# Need opinions on the quick mods to new Char-Griller Outlaw



## bobbybirds (Aug 24, 2014)

Hey all,

I just picked up a new Char-Griller Outlaw and have a big BBQ coming up this coming weekend with a bunch of friends and I would like some thoughts on these quick and dirty mods I have done and will be finishing tomorrow. I normally would get some more time in before performing for friends, but it is what it is. I have a lot of experience with kettle type smokers and have used a couple buddies crappy side box smokers and have not screwed anything up to the point of not being edible so I am not too panicked, but at the same time I would like to make things as easy on myself as possible given the time frame.

So this all said, the first thing I did was to attach the side box using a high heat (700 degree) silicone to make a gasket seal. I also used the same stuff to seal the chimney tube and the crappy stock thermo (I will be adding a couple aftermarket ones tomorrow). I then used some flexible aluminum tubing to drop the chimney stack down to the grill level. I then fashioned a heat shield using some thin aluminum (think ducting material) folded over double. I am wondering if the heat shield is far enough away from the edges and extended enough to be effective. 

I plan on hitting some appliance repair places tomorrow to track down some over door seal material and see if I can rig up a lid seal fairly easily. Any ideas hear on a quick and dirty method would be appreciated. I also plan on either making or buying a charcoal holding box for the firebox...

Does this all sound reasonable? Any thoughts would be greatly appreciated!













smoker1.jpg



__ bobbybirds
__ Aug 24, 2014


















smoker2.jpg



__ bobbybirds
__ Aug 24, 2014


















smoker3.jpg



__ bobbybirds
__ Aug 24, 2014


----------



## bobbybirds (Aug 25, 2014)

Any thoughts all? I am looking at this and now wondering if the heat shield should be wider at the firebox...


----------



## dish (Aug 25, 2014)

20140312_120831.jpg



__ dish
__ Mar 12, 2014






If you can take the tray that's in the cooking chamber and flip it over.  Works great as baffle for my setup.  Keeps temps within 5* from end to end.


----------



## jirodriguez (Aug 25, 2014)

Yup - flip the charcoal pan over for starters. For a cheap easy charcoal basket go to the BBQ dept in Lowes and look for one of the veggie baskets the bigger the better. Cut the handle off of it then use some 3" nuts and bolts to make extensions so it will hang from the top grate rails in your fire box. Later on you can look up the 20/20 expanded metal firebox that a lot of folks make for those smokers.


----------



## bobbybirds (Aug 25, 2014)

I can, but it sits tight against the edges in the bottom when I do it so I couldn't see how the heat would dissipate up. It also only raises a little bit up into the firebox opening. Is that normal?


----------



## bobbybirds (Aug 25, 2014)

JIRodriguez said:


> Yup - flip the charcoal pan over for starters. For a cheap easy charcoal basket go to the BBQ dept in Lowes and look for one of the veggie baskets the bigger the better. Cut the handle off of it then use some 3" nuts and bolts to make extensions so it will hang from the top grate rails in your fire box. Later on you can look up the 20/20 expanded metal firebox that a lot of folks make for those smokers.

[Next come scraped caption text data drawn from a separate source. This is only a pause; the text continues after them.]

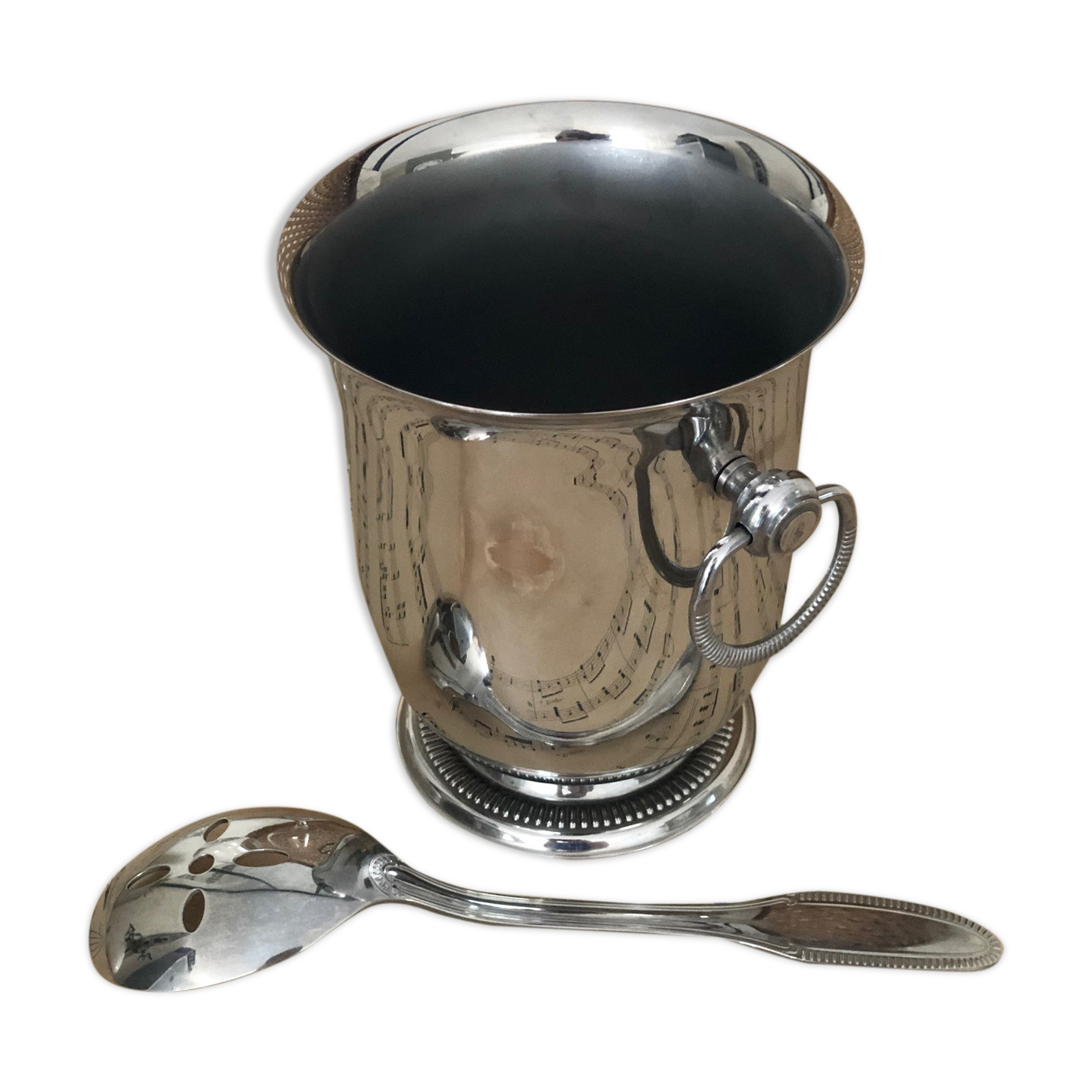 Stainless steel ice bucket Jean Couzon France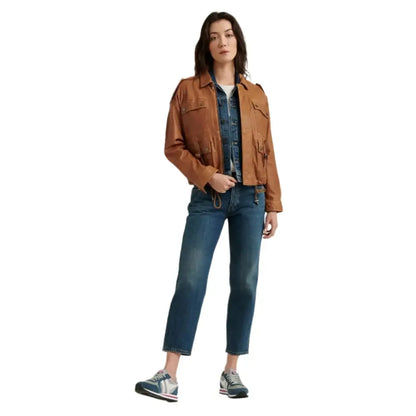 Women’s Brown Leather Jacket – New Stylish Design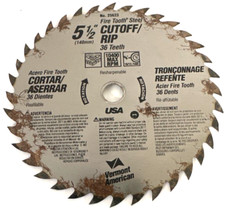 VERMONT AMERICAN SAW BLADE 25623 OAD: 5-1/2" MAX RPM: 10,400 36 TEETH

I was going to look for one of the baskets today... Good idea on the veggie basket!


----------



## dish (Aug 25, 2014)

chimney2.jpg



__ dish
__ Mar 18, 2014






That's what I did.  I drilled more holes into mine.  Bought at Target and it's been used a couple dozen times and is holding up great so far.


----------



## dish (Aug 25, 2014)

Mine has 3 level settings.  I have it hanging just above the opening from the fire box.  I had to drill 2 holes on each end so I could use the hangers.


----------



## nptwnsmkr (Aug 25, 2014)

Here's my charcoal basket mod. I have acquired several turkey fryers over the years and used one of the baskets. I cut it in half,screwed it together, drilled the holes larger then bolted it in the fire box. It sits a little high but allows plenty of air and room for the ashes on a long smoke. Probably not the best mod but it really didn't cost me anything. 













image.jpg



__ nptwnsmkr
__ Aug 25, 2014


----------



## jirodriguez (Aug 25, 2014)

If you can find something like this it will work for a while till you build something better.













GrillingBasket.jpg



__ jirodriguez
__ Aug 25, 2014


----------



## bobbybirds (Aug 25, 2014)

So today I was able to find some fiberglass seal rated to 1000 degrees and a couple extra thermos so I installed everything and I am pretty much ready to season. I didn't find a decent basket to use as a charcoal basket so that will be tomorrows hunt, but otherwise everything seems to be going well...













smoker4.jpg



__ bobbybirds
__ Aug 25, 2014


















smoker5.jpg



__ bobbybirds
__ Aug 25, 2014


----------



## 5oclocksomewher (Aug 28, 2014)

I bought my basket from      http://yokeup.net/XXLBaskets.html













image.jpg



__ 5oclocksomewher
__ Aug 27, 2014







Here's a pic of my outlaw.













image.jpg



__ 5oclocksomewher
__ Aug 27, 2014


















image.jpg



__ 5oclocksomewher
__ Aug 27, 2014







Takes a little time to get use to, but I love my outlaw.   Good Luck with your new pit.


----------